As of July 8, 1942, life changed abruptly for Anne. She would no longer see Harry, her young boyfriend to whom she was so attracted. She would no longer ride her bicycle around the city. Good-bye school, friends, parties …

“Margot and I started packing our most important belongings into a schoolbag. The first thing I stuck in was this diary, and then curlers, handkerchiefs, schoolbooks, a comb and some letters. Preoccupied by the thought of going into hiding, I stuck the craziest things in the bag but I am not sorry. Memories mean more to me than dresses”.

With the help of good persons, Miep Gies, an employee of Otto Frank since 1933, among them, the family prepared to escape death on July 6, 1942.

“I was exhausted and even though I knew it’d be my last night in my own bed, I fell asleep right away until Mother called me at five-thirty the next morning …”

 “… I still didn’t know where our hiding place was. At seven-thirty we also closed the door behind us; Moortje, my cat, was the only living creature I said good-bye to…she was to be taken to the neighbors who would giver her a good home”.

The first notation Anne Frank made in her Diary was dated June 12, 1942. A month later she was in hiding.

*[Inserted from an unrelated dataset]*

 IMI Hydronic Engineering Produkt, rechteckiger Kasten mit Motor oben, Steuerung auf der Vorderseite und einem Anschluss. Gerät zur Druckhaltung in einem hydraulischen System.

 “You no doubt want to hear what I think of being in hiding. Well, all I can say is that I don’t really know yet. I don’t think I’ll ever feel at home in this house, but that doesn’t mean I hate it. It’s more like being on vacation in some strange pension…Our Annex is an ideal place to hide in. It may be damp and lopsided, but there’s probably not a more comfortable hiding place in all of Amsterdam … in all of Holland”.

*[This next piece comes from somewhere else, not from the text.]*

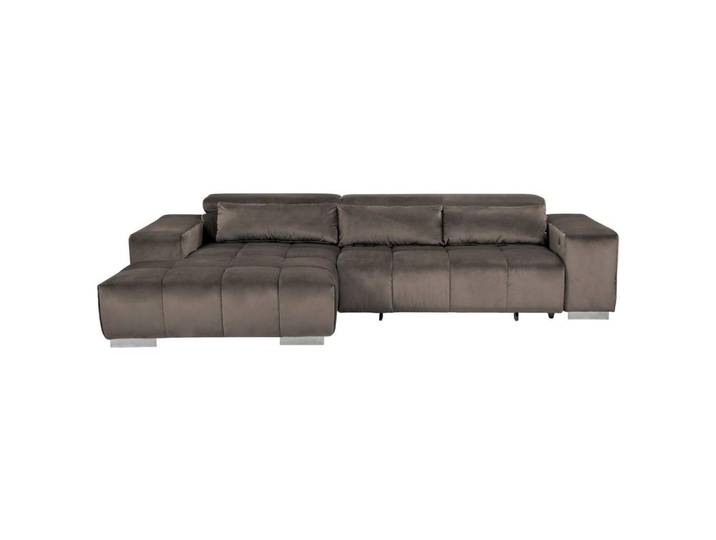 Ecksofa Orion mit elektrischem Sitzvorzug Silberfarben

She decorated the walls of her room with postcards and posters of her favorite subject: the movies. The long months of hiding in that small refuge were, undoubtedly, terrible for the sensitive young girl (…) forced as she was to stay locked up in a room, sitting in a chair, unable to talk during the day nor of opening the water faucet or flushing the toilet.

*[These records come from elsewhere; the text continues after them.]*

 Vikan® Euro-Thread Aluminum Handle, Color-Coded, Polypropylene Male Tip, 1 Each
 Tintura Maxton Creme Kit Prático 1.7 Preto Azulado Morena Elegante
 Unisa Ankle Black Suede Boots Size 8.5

The Diary of Anne Frank is really moving; they reveal the hardships they suffered. The closeness of the surroundings made placed these people in very close contact that, in addition to the tension of their situation, provoked arguments among the refugees. It was unavoidable that Anne, only 15, so full of the will to live, felt misunderstood although the firmness of a belief for a better future never abandoned her. She also kept on dreaming: when would the war end; did she want to be a writer or a journalist.

She wrote her last entry August 1, 1944. Three days later their hiding place where they had stayed for two years, the Frank and Pels families and Fristz Pfeffer was raided by the German occupation forces. They were betrayed.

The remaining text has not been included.